In Indiana, every child in public school learns of James Whitcomb Riley by the fourth grade, as that’s when Indiana history is taught. Riley, the Hoosier Poet, wrote stories in verse, in the Indiana vernacular of his childhood. In his day, he was as popular as a rock star.
Riley lived from 1849 to 1916, born in Greenfield but lived as an adult in Indianapolis. In 1893 he rented a room from a family named Nickum who had a large Victorian house in the fashionable Lockerbie neighborhood near Downtown. He lived there the rest of his days.
Shortly after Riley passed, the house was sealed up, all furnishings and decorations intact. It remains largely in that condition today, and is a very real time capsule into the late Victorian era. It shows how a wealthy family would have lived at that time.

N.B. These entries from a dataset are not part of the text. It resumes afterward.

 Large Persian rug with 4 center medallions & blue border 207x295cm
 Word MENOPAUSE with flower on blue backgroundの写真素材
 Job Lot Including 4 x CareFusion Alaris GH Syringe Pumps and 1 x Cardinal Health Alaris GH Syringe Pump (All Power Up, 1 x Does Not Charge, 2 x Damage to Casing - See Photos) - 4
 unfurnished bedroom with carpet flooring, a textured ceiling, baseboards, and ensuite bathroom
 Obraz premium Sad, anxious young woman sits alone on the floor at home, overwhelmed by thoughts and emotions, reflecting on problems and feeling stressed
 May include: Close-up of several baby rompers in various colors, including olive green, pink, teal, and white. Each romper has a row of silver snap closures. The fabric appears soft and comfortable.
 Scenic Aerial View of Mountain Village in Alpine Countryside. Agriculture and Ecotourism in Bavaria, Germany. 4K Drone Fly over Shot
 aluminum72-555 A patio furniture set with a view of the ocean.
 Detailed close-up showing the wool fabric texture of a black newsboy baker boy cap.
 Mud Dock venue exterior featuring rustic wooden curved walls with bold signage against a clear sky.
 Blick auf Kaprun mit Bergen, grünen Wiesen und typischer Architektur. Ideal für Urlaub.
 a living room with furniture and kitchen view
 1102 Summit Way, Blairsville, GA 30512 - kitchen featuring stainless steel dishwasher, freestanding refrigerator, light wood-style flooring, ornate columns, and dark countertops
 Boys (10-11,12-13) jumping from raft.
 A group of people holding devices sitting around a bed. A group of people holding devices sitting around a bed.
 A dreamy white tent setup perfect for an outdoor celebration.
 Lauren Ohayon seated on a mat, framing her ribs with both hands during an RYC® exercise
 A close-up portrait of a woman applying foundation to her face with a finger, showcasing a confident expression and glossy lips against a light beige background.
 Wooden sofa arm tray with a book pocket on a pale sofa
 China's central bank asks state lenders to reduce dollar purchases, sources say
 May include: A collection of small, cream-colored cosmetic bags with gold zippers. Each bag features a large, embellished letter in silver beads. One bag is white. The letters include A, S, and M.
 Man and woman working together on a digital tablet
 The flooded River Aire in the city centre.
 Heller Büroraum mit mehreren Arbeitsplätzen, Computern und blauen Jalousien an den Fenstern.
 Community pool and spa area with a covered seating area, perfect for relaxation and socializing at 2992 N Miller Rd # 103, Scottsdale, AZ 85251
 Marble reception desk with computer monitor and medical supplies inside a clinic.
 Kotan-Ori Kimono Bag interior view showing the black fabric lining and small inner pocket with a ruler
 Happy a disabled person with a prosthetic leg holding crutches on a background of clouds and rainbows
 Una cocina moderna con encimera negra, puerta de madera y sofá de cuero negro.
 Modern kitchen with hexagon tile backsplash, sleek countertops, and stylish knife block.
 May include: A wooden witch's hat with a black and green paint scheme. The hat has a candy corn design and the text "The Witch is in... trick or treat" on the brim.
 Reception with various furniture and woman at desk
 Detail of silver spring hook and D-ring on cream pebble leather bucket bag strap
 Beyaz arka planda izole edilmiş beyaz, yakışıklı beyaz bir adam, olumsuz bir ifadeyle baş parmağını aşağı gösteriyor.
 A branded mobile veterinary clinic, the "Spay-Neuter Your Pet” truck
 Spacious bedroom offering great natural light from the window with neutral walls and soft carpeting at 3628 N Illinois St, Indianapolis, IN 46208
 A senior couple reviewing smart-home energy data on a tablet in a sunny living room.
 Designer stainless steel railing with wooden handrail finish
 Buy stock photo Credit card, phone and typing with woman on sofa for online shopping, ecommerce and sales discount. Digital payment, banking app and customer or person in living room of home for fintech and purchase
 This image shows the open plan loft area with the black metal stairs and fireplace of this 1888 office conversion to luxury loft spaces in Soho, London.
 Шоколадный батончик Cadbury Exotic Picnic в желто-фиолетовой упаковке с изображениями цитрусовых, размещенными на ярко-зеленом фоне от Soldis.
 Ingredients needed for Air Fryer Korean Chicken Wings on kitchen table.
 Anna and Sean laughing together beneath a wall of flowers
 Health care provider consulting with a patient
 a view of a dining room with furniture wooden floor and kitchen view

You can tour the Riley house (by appointment) as well when you are in Indianapolis, but let me show you a few photographs. This is one of the front rooms.
Check out all of the detailing as you look up.
This is the other front room, which features a gorgeous Tiffany lamp. If I recall correctly, this room was more for the family while the other front room was more for entertaining.
This is the dining room. Many rooms in this house had fireplaces; the one in this room is partially hidden by the dining table. The place settings on the table belonged to the family who owned this house.
The bedrooms are upstairs. Here’s one of them, with its fireplace.
Here’s the room Riley rented, his signature tophat and cane laid out and waiting for him.
In its time, this house was the height of modernity because of its bathroom. It included two incredible conveniences: a flush toilet (to the right out of the picture) and a bathtub.
The Riley home has been a National Historic Landmark for longer than I’ve been alive.
This was at least my third tour of the Riley home. I made it first with my first wife, and later with my mom. I may have done it with my sons once, too – there are photos of them on the cobblestone street in front of the home, but my memory is hazy about whether we went in.